Long ago, an online Scrabble algorithm matched me up with an opponent named Nicole, a superior player happy to consistently beat me. We’d trade occasional in-game messages, and became Facebook friends and kept playing, year after year. While traveling I’d think, “Nicole has no idea I’m in Italy playing Scrabble with her.” When my marriage was ending, I’d think, “Nicole has no idea my wife just moved out,” or, “ I just had cancer surgery,” or, “my job was just eliminated.” In our online Scrabble universe, what was significant was a triple-word score, or the rare game I’d somehow win.

“Do you know who you’re playing with?” Sarah asked me once, and I told her mostly no, all strangers, but this woman named Nicole is very good, and I think I saw on social media that she has a restaurant somewhere. “Don’t you want to know who she is?” Sarah asked. I said I didn’t want to mess with a good thing. Nicole was a great Scrabble opponent, the tiny picture posted above her winning score showing an attractive woman with a direct gaze. Sarah thought the whole thing was odd.

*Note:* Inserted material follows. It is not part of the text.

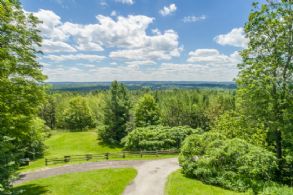 Caledon Hill Top, Finnerty Sideroad, Caledon, Ontario - Country homes for sale and luxury real estate including horse farms and property in the Caledon and King City areas near Toronto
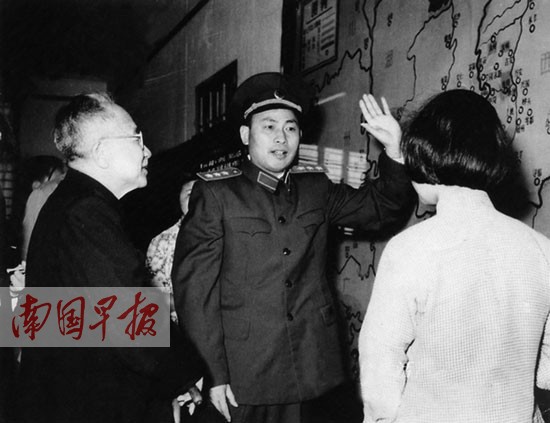 1958年3月,李天佑上将(中)陪同张云逸大将(左)参观广西历史博物馆.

Months ago, early for the wedding of friends in northern Manhattan, Sarah and I decided to look for coffee. We parked, hiked up a hill, turned a corner, and without warning, were standing in front of The Pandering Pig. “Oh my GOD!” I shouted — “It’s Nicole’s restaurant!” I felt like I’d fallen through a rip in the space/time continuum. “From Scrabble? We’re going in!” Sarah cried, and feeling as if I were crossing the Rubicon, I hurried after her.

“Is Nicole here?” Sarah asked a woman inside. Nicole was in the kitchen, we were told. “Can you tell her Tim from Scrabble wants to say hello?” This was surely a violation of online Scrabble etiquette — but it was too late to turn back. Looking dubious, the woman carried Sarah’s message to the kitchen, and seconds later, a second head peered around the corner. It was Nicole! The face from the tiny picture!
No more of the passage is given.